I spent the last couple of quarantined hours looking through some very old travel notebooks. They are now valuable for 2 reasons. They are a trove of travel memories, and they yield many quotes. For some reason, Ruth & I pause anytime we see that someone we are reading about on a trip has said something interesting. We always take the time to write it down. Often I will hand my notebook to Ruth, and she will do the copying because she has a better handwriting than me and doesn’t mind this task. Below are some nostalgic quotes we took down to remember that I haven’t seen since we copied them years ago.
I saw this quote in a tourist attraction that no longer exists, the Newseum in Washington, DC. Philip Graham of the Washington Post once said, “Journalism is the first rough draft of history.” Being a journalist, this struck me as true.
I copied this in 2007 while looking at a maritime exhibit in Perth, Western Australia. Australians were very proud of this feat. “Australia II crossed the finish line 41 seconds ahead of the American defender Liberty. The world’s oldest sporting trophy, the America’s Cup, went to Australia, its first trophy for 132 years.” A few pages later after copying a recipe for Australian damper, an Outback bread, I wrote this lame joke for no good reason I can remember. “What do you get when you cross a chicken with a cement mixer? Answer: a brick layer.” You can laugh or not at this attempt at Aussie humor.
I wrote this in Australia 5 years later but do not know who said it. “Traveling makes one modest–you see what a tiny place you occupy in the world.” Amen to that.
Pablo Picasso said this, “Everything you can imagine is real.” I read this in Rome right before Ruth & I went to a criminology museum. There is probably no relationship. A few weeks later on the north shore of Lake Superior, Ruth wrote this, “If you pulled the (3 quadrillion gallons) plug on Lake Superior, you would flood all of the U.S., Canada, Central and South Am. with a foot of water.”

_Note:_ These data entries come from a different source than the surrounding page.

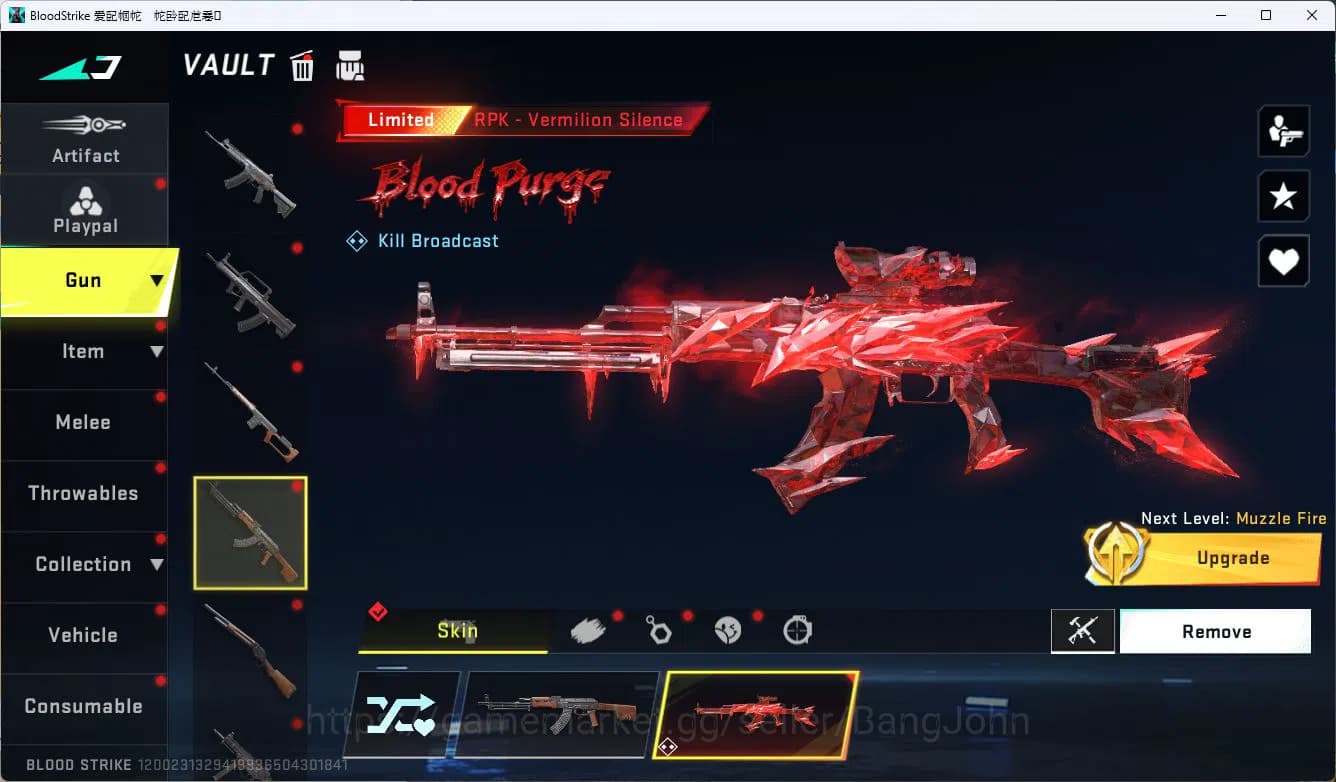 Blood Strike Accounts ASIA|COLLAB=QBZ95,KAR98K|LIMITED=RPK,AR97,MP7|ULTR image 8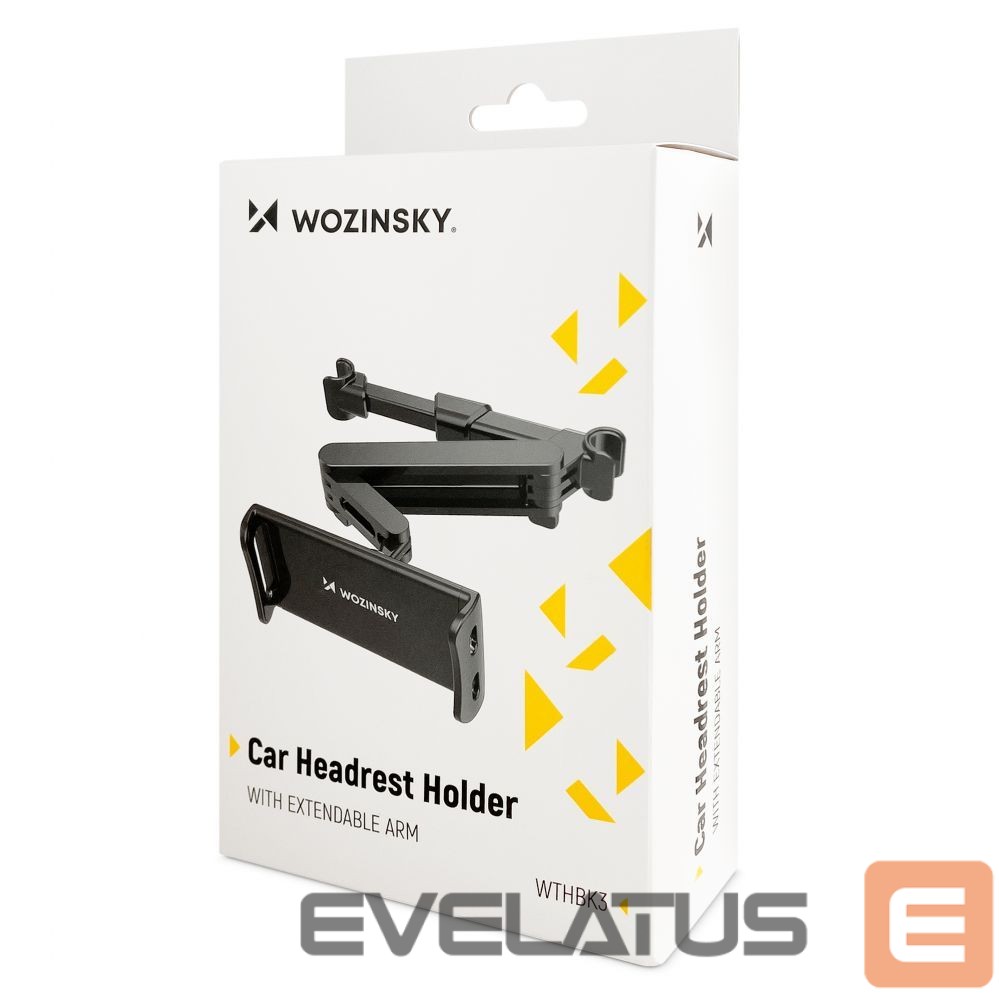 Automaatne hoidja Wozinsky Wozinsky Adjustable Headrest Holder for Tablet or Phone Black (WTHBK3)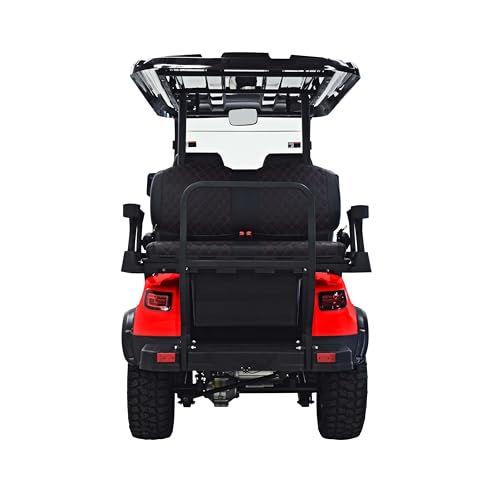 M MASSIMO MOTOR Electric Golf Cart Red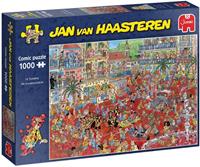 Jumbo legpuzzel Jan van Haasteren De Tomatenslacht 1000 stukjes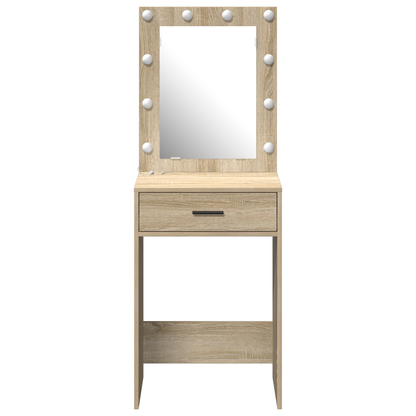 Schminktisch Sonoma Eiche 50 x 41 x 135 cm Holzwerkstoff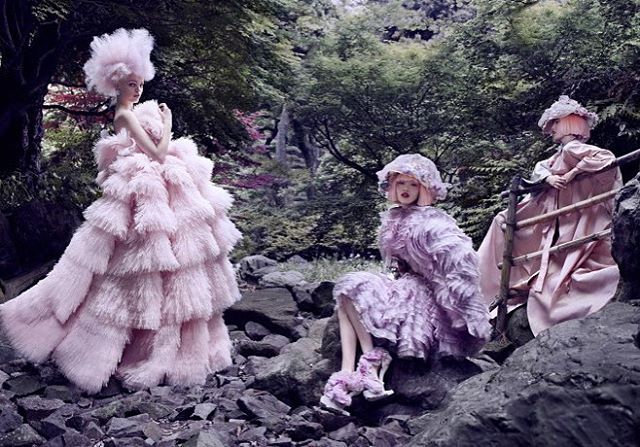 Producción de Giovanna sobre Alexander McQueen y en la que se basó para su vestido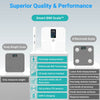 Smart BMI Scale™ compared with a 4-electrode scale and a traditional body weight scale, highlighting key features and benefits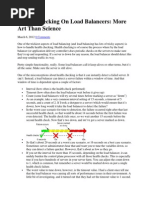 Health Checking On Load Balancers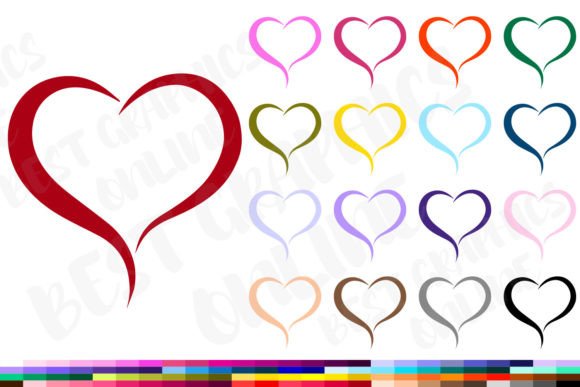 Download Heart Clipart, 100 Valentines Day Heart - Heart clipart Collection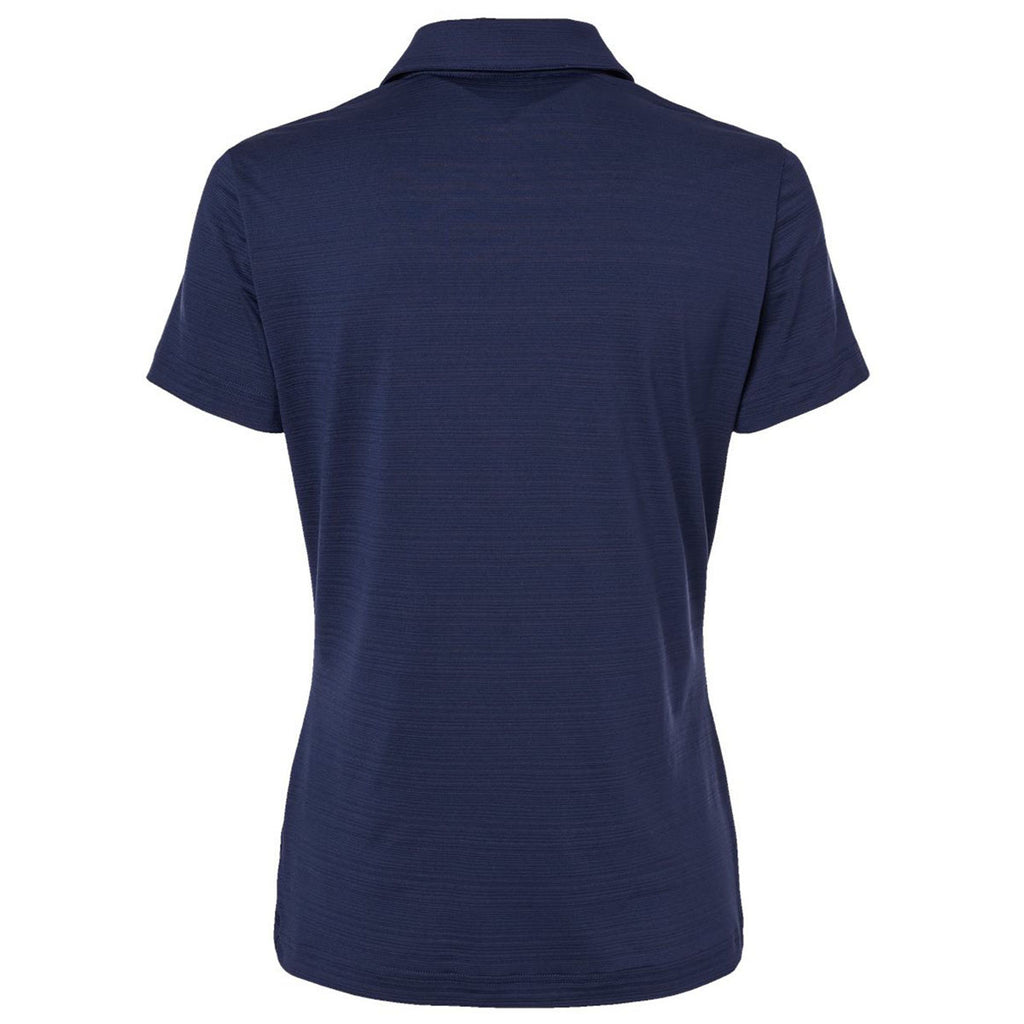 Adidas Women's Dark Blue Textured Stripe Polo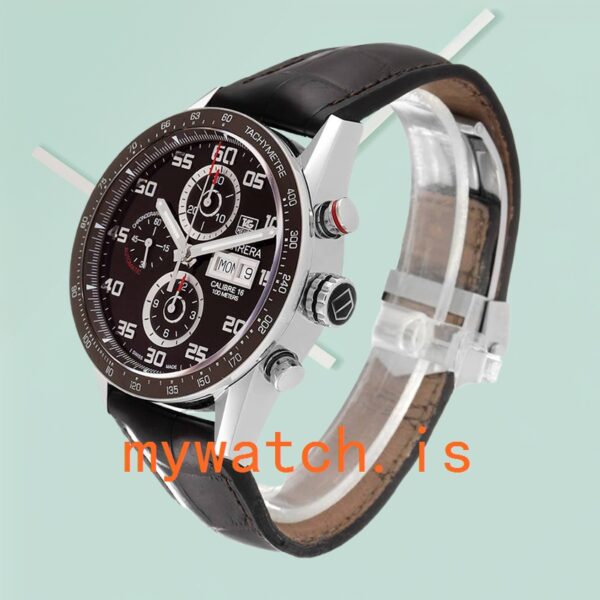 Tag Heuer Carrera CV2A1S.FC6236 43mm Men’s Brown Dial - Image 3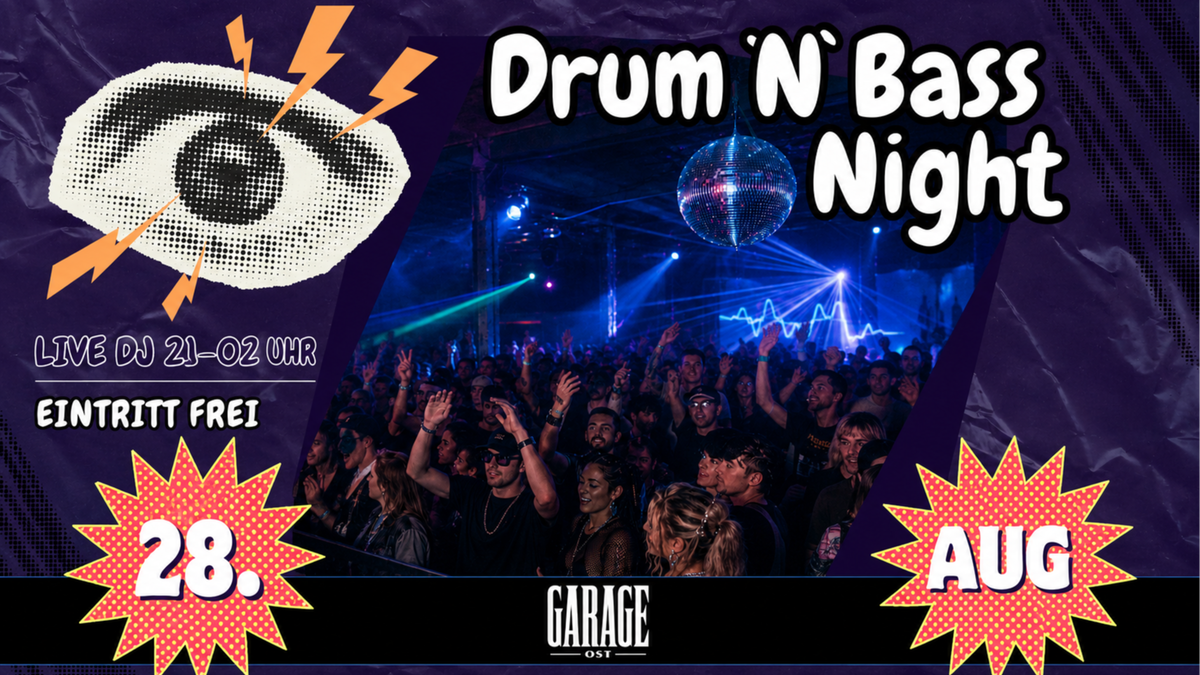Titelbild der Veranstaltung DRUM `N`BASS NIGHT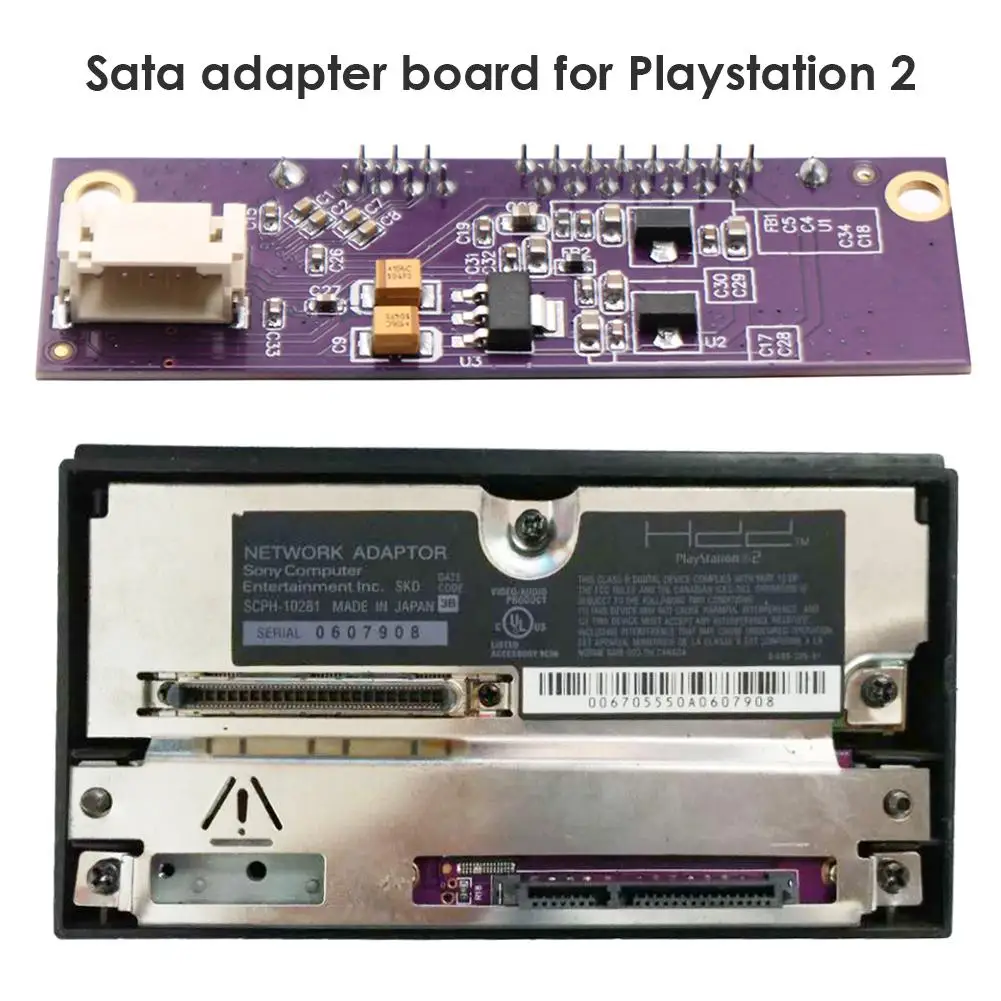

Игровой адаптер SATA, обновленная плата для SONY PS 2 PS2 IDE, оригинальный модуль сетевого адаптера, запасные части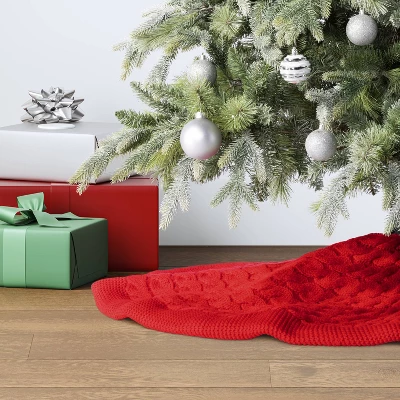 48" Centric Cable Knit Tree Skirt - Wondershop™ 3 48" Centric Cable Knit Tree Skirt - Wondershop™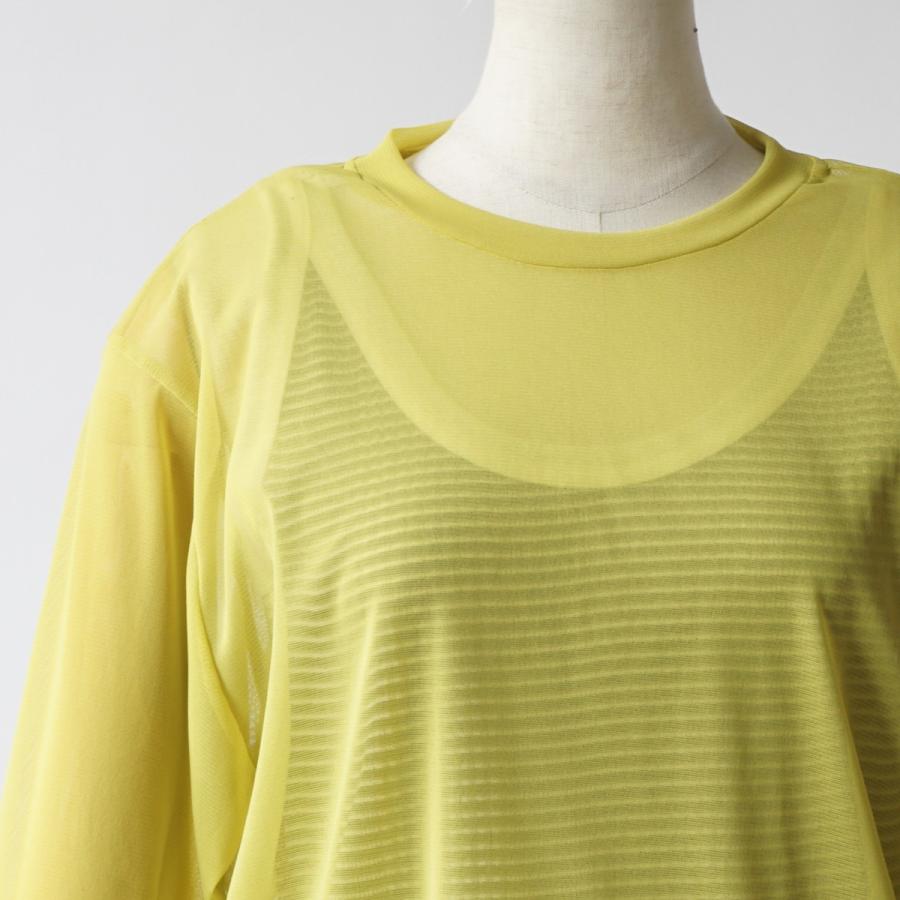 JANE SMITH/ジェーンスミス・Nylon Sheer Net Long Sleeve T-shirt |  | 03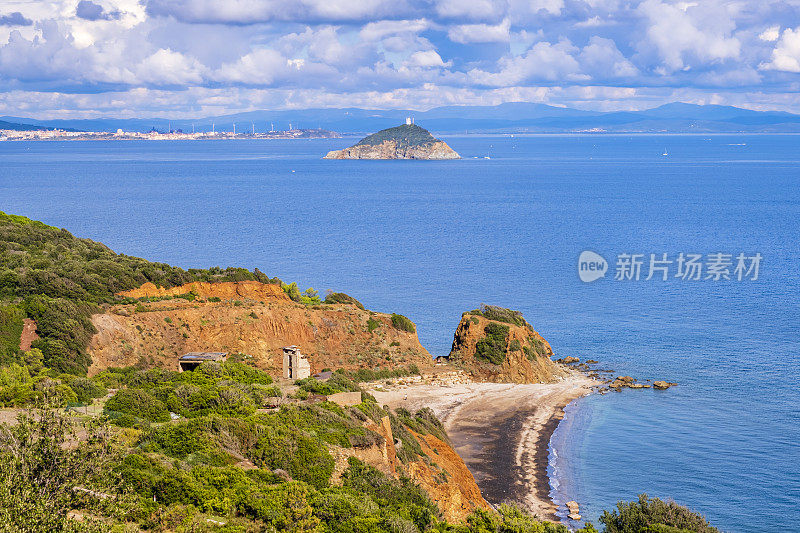 厄尔巴岛的卡拉·塞雷戈拉岛(意大利托斯卡纳群岛)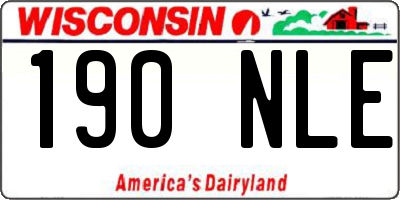 WI license plate 190NLE
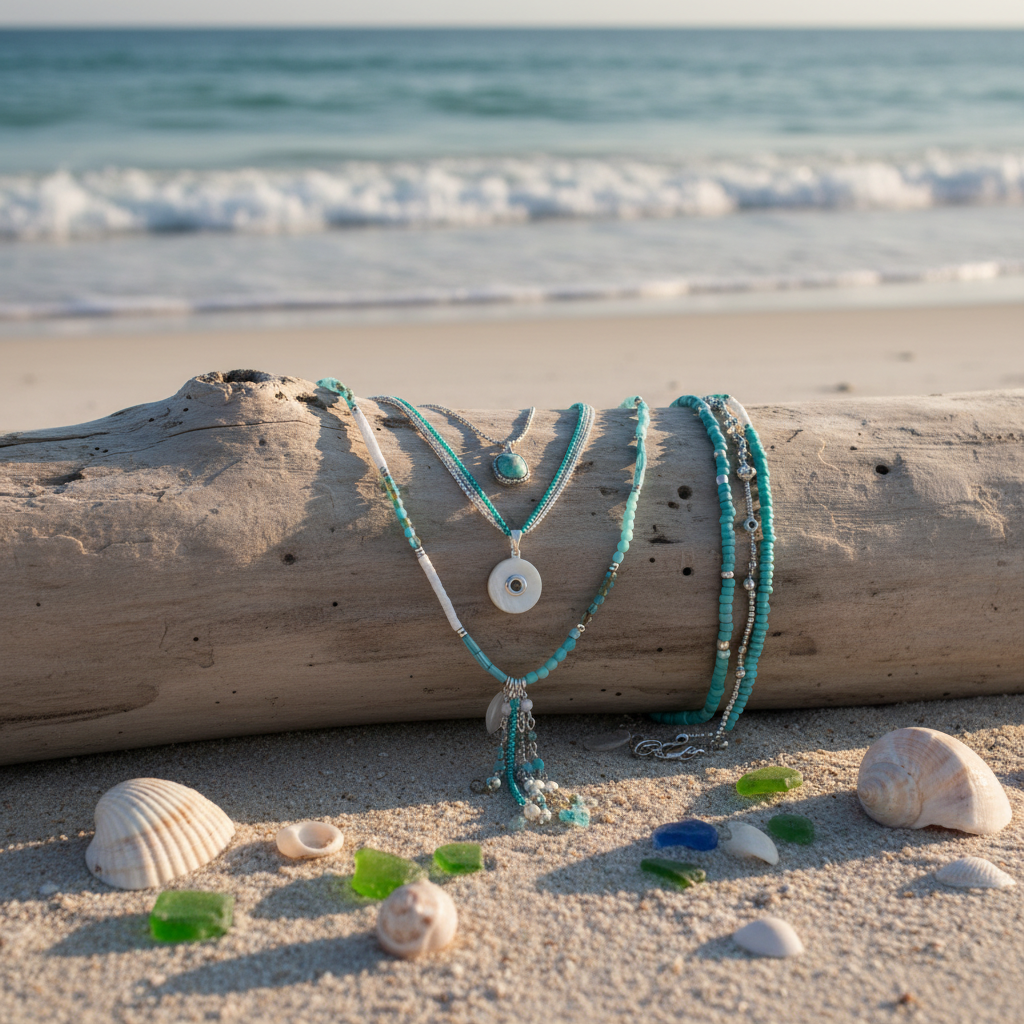 Statement BoHo Necklace: Teal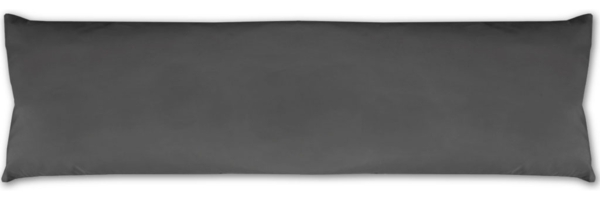 Seitenschläfer Kissenhülle Kissenfüllung Körperkissen, bequem und anschmiegsam in vielen verschiedenen Farben erhältlich (ca. 40x140cm / anthrazit - dunkelgrau)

This long quote really spoke to Ruth, who copied it in its entirety. “One day seven years ago I found myself saying to myself–I can’t live where I want to, I can’t go where I want to go. I can’t do what I want to do. I can’t even say what I want to–I decided I was a very stupid fool not to at least paint as I wanted to.” This was said by Lee Krasner in 1923. She was the wife of painter Jackson Pollock who went on to become an accomplished painter on her own.
This last one happened to me in Australia. I was talking to a dear man named Michael whom I met on a tour of the Australian Outback. He was an immigrant to this country after his family had lived in Ireland for centuries. Ruth & I later tracked down his ancestral castle, at least what was left of it, in Ireland. He was at the time we traveled together the world explorer who had been far more places than I ever dreamed of seeing. I once asked Michael about his favorite destination, and he said without pause, “Bhutan.” He was the most quick-witted person I ever met. At the time we were discussing our birth dates. I said, “June 18” and Michael retorted, “Ah, the Battle of Waterloo.”